Pictures excluded, please retype exactly the lines from the start of the data through the line that contains "How Website Testing", both ends kept, and nothing beyond them.

Top of Information

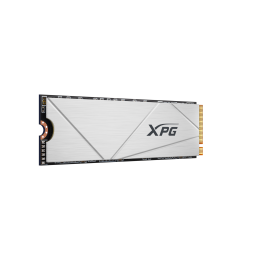 Твердотельный накопитель/ ADATA SSD GAMMIX S60 BLADE, 2048GB, M.2(22x80mm), NVMe, PCIe 4.0 x4, 3D NAND, R/W 5000/4200MB/s, IOPs -/-, TBW 450, DWPD 0.12, with HeatSink (5 лет)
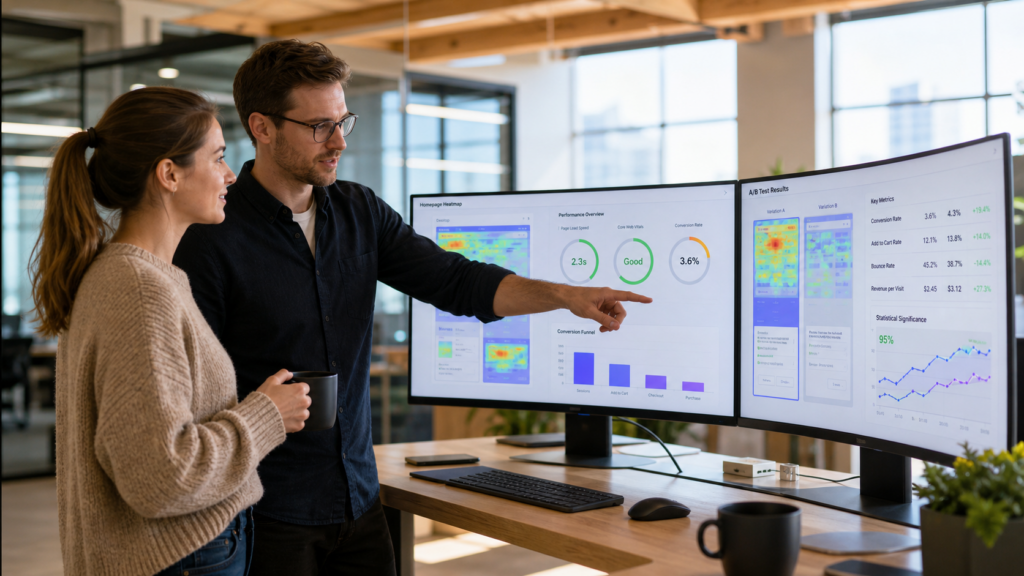 How Website Testing Tools Help Businesses Improve Online Performance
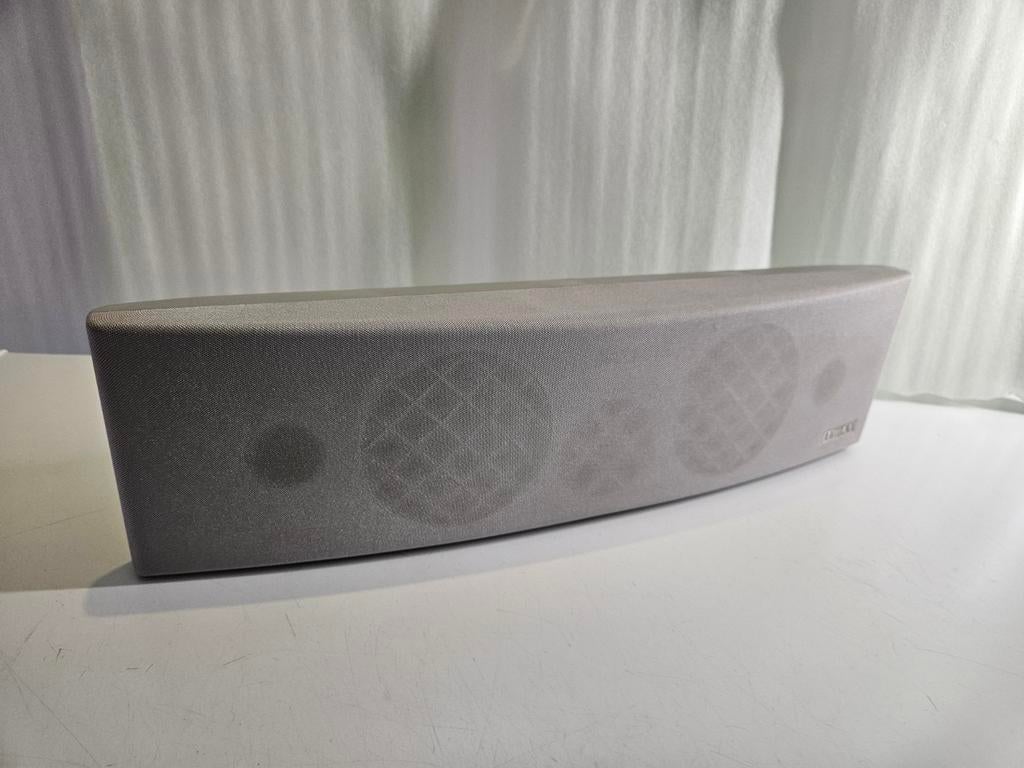 Mission M7c1i, centerspeaker 100 watt., Ophalen of Verzenden, Gebruikt, Audiokanaal 5.1, Overige merken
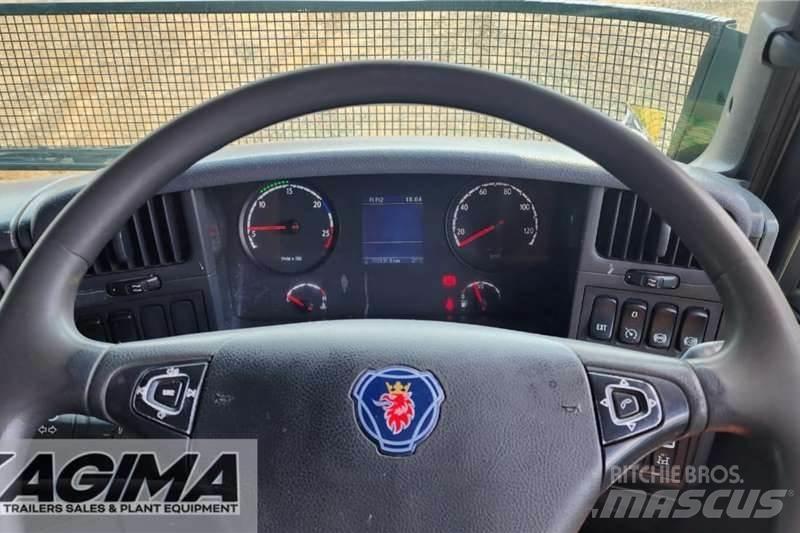 Scania G460 Специальные грузовики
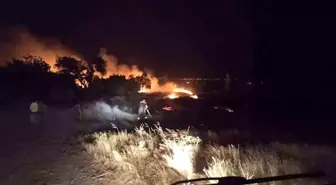 Burdur'da Anız Yangını: 30 Dönüm Arazi Yandı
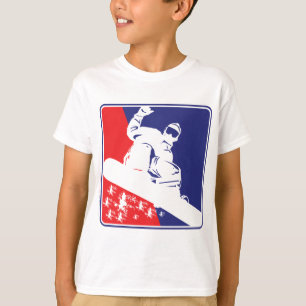 Camiseta Boa-de-Nieve-Rojo-Blanco-y-Azul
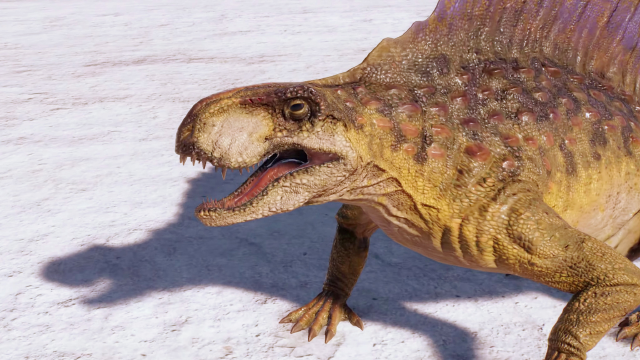 异齿龙勇闯恐龙时代侏罗纪世界进化2代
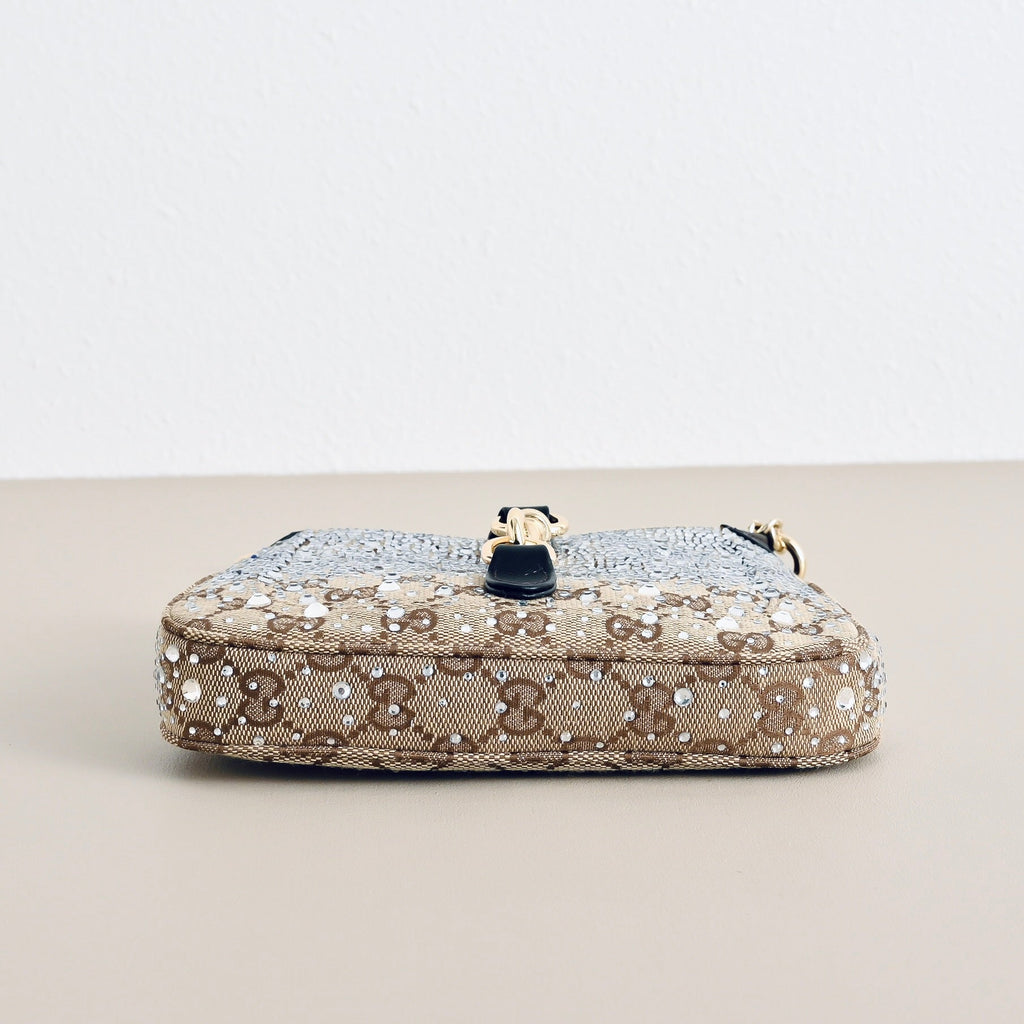 Gucci Jackie 1961 GG Supreme Mini Shoulder Bag-782889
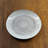 Ocer Gilded Glass Salad Plate Silver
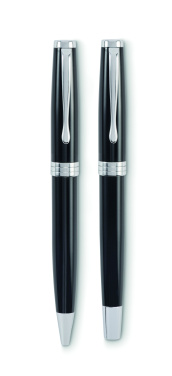 Лого трейд pекламные продукты фото: Ball pen and roller set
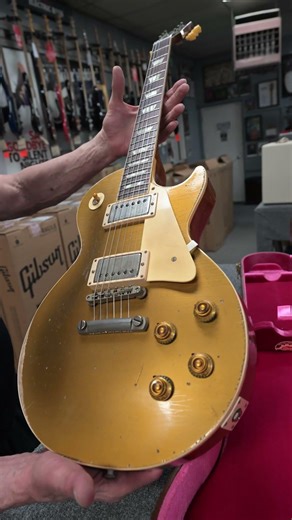 🎸 ’57 GOLDTOP | MURPHY LAB ULTRA HEAVY AGED 🎸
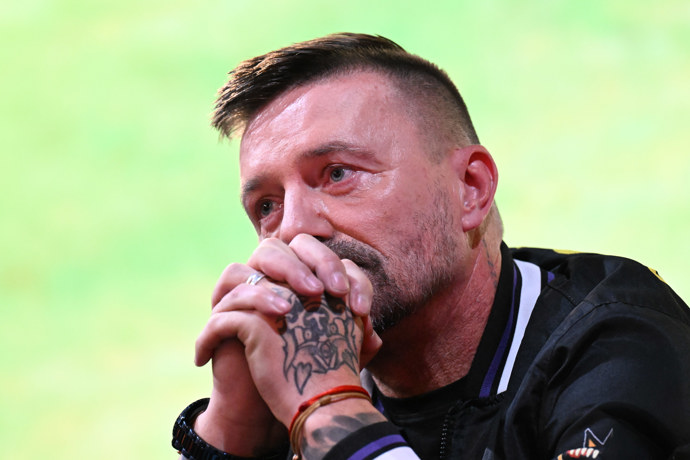 Natáčení ve věznici pro něj bylo návratem do temného období minulosti.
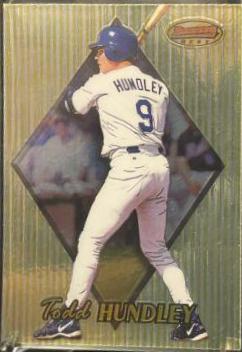 Todd Hundley #9 Baseball Cards 1999 Bowman's Best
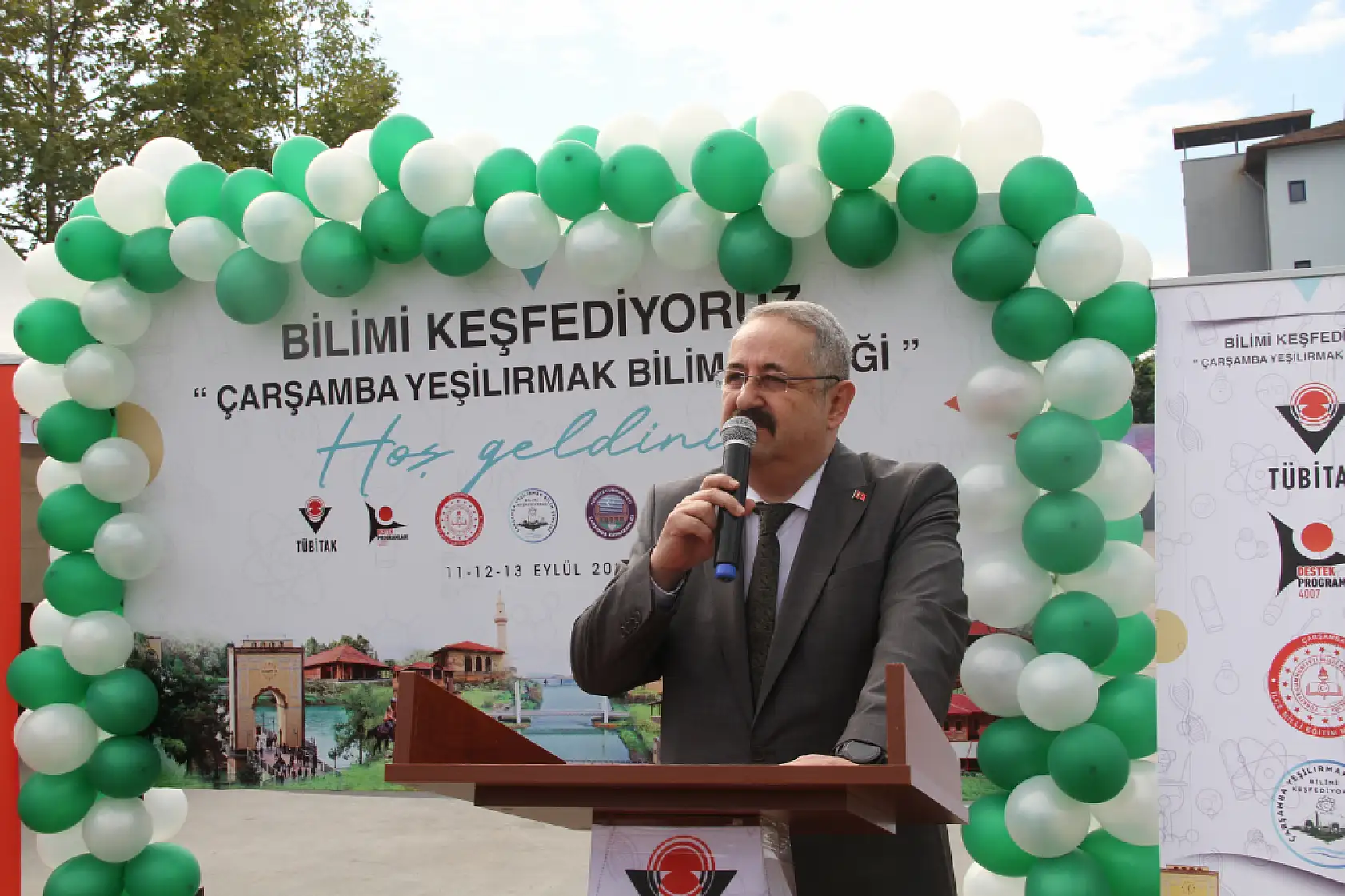 Çarşamba'da bilim ve teknoloji rüzgarı esiyor
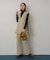 『TALLサイズ／WEB限定』センタープレスストレートパンツ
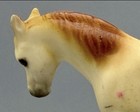 VINTAGE‼️ HTF ~ Breyer #5011 Stablemate G1 Red Roan Arabian Mare, 1998 Only ❣️ — photo 5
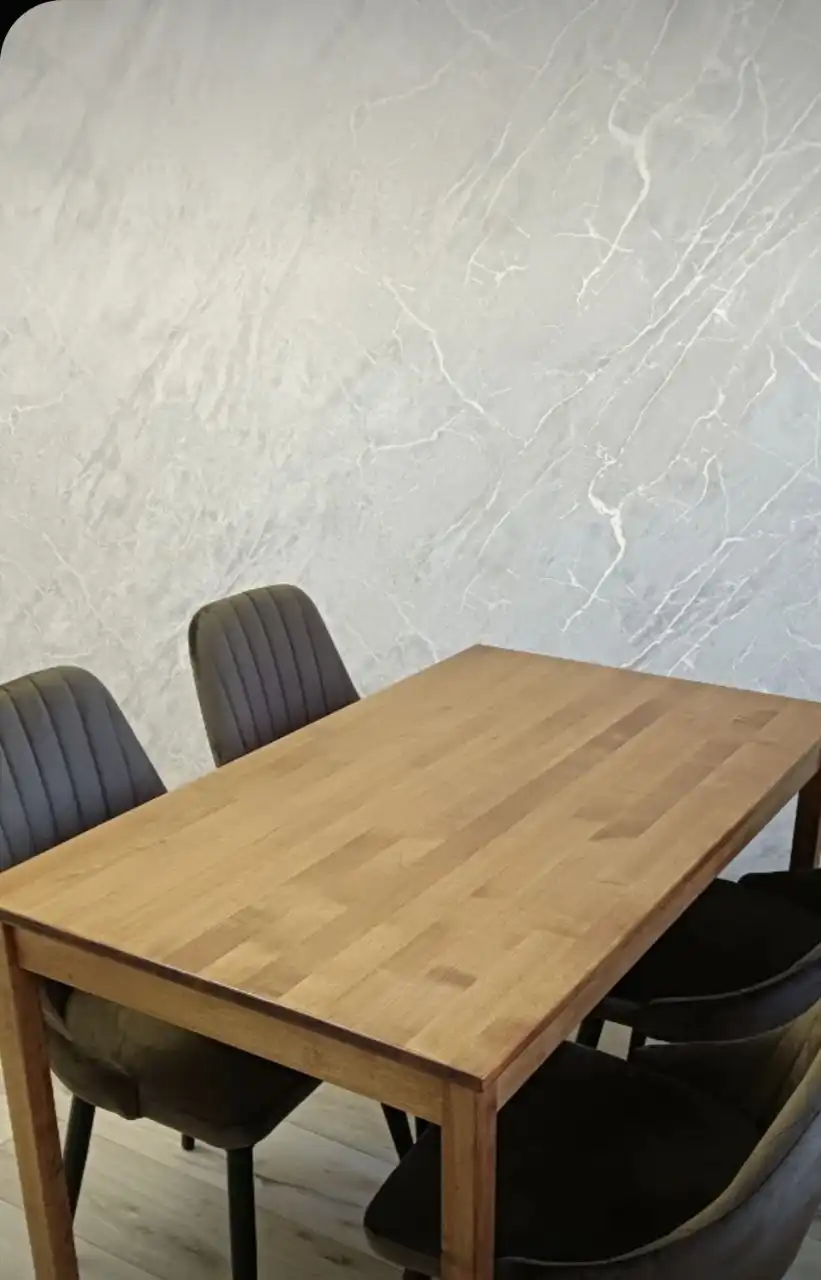 Продам новый стол из массива берёзы - Мебель (Для дома и дачи) в Барнаул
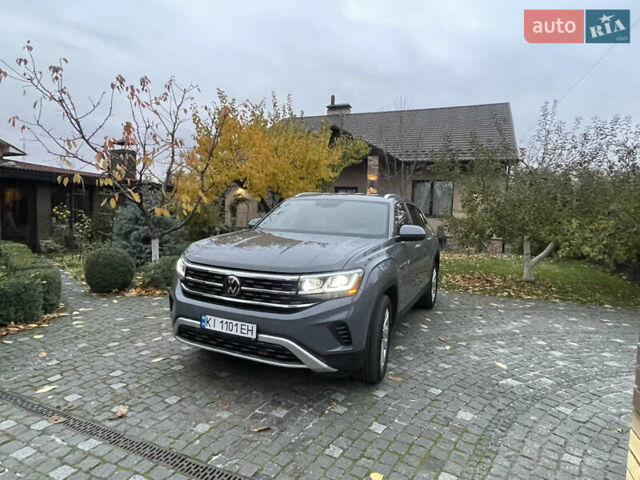 Сірий Фольксваген Atlas, об'ємом двигуна 1.98 л та пробігом 21 тис. км за 35000 $, фото 3 на Automoto.ua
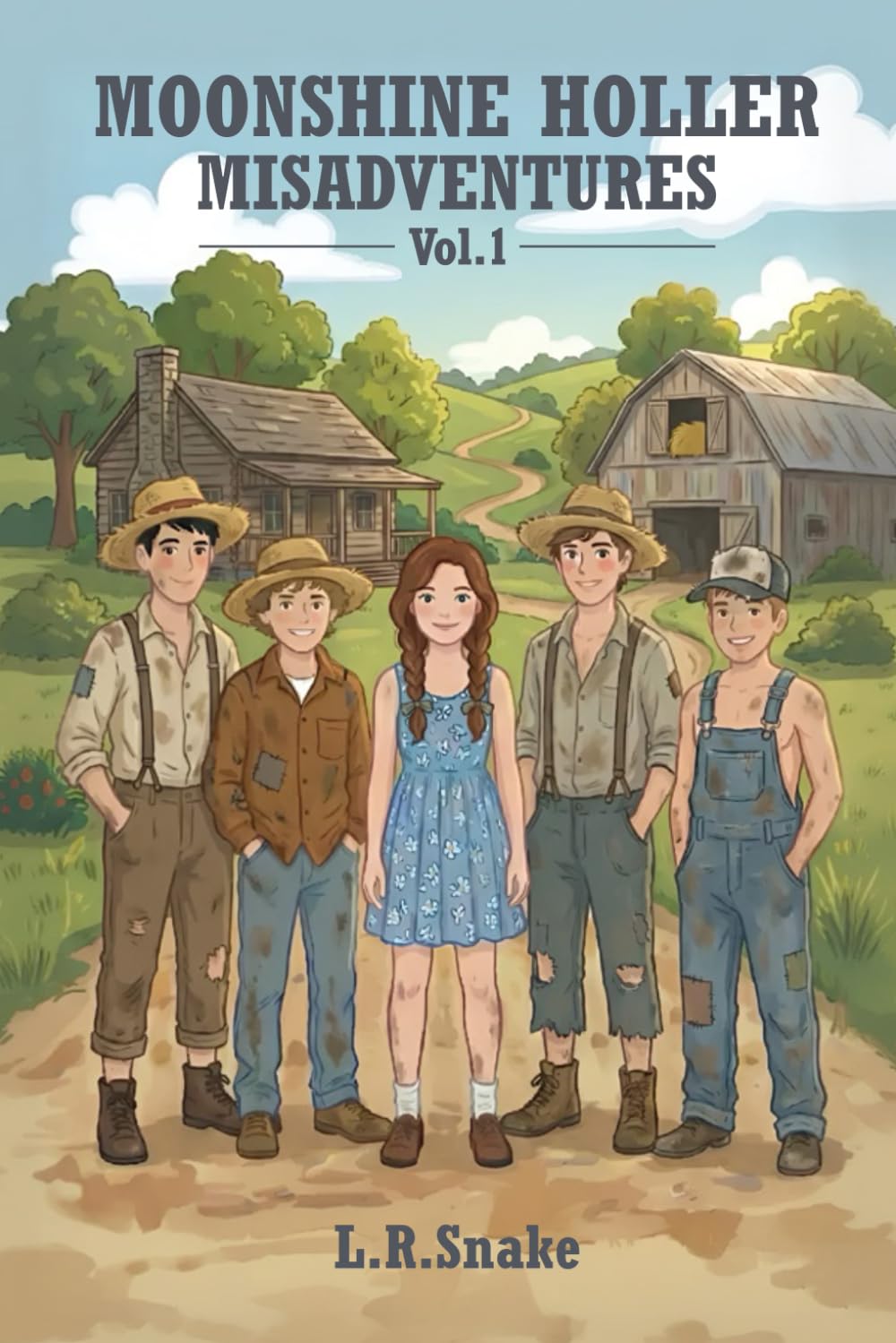 Moonshine Holler Misadventures: Vol.1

Bottom of Information

» **Result**:
 Твердотельный накопитель/ ADATA SSD GAMMIX S60 BLADE, 2048GB, M.2(22x80mm), NVMe, PCIe 4.0 x4, 3D NAND, R/W 5000/4200MB/s, IOPs -/-, TBW 450, DWPD 0.12, with HeatSink (5 лет)
 How Website Testing Tools Help Businesses Improve Online Performance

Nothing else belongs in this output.